A time is computed as:

$$time = v / r$$

For example, a time of 12.5 seconds with a timescale of 60,000 is represented as { v: 750000, r: 60000 }. Using integers for addition, subtraction, and comparison ensures frame-adjacent math remains completely predictable and avoids rendering gaps or overlaps.

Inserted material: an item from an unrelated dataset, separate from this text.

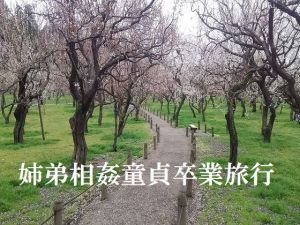 姉弟相姦童貞卒業旅行 [作品ID:d_129942]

Use conversion and math helpers from the main package or @techsquidtv/canvas-timeline-utils to translate between seconds and rational times:

import {
fromSeconds,
toSeconds,
formatTime,
addRational,
subRational,
} from '@techsquidtv/canvas-timeline';
// Convert 12.5 seconds to RationalTime (default rate is 60000)
const start = fromSeconds(12.5); // { v: 750000, r: 60000 }
// Convert back to seconds
const seconds = toSeconds(start); // 12.5
// Format as human-readable timecode (e.g. "00:00:12:30")
const label = formatTime(start);
// Perform precise math
const duration = fromSeconds(2.0);
const end = addRational(start, duration);

Most UI components can work in seconds at the user interaction boundaries, and then convert to RationalTime when mutating engine state. Keep the same tick rate (r) across related values when possible to avoid unnecessary division and common-denominator calculations.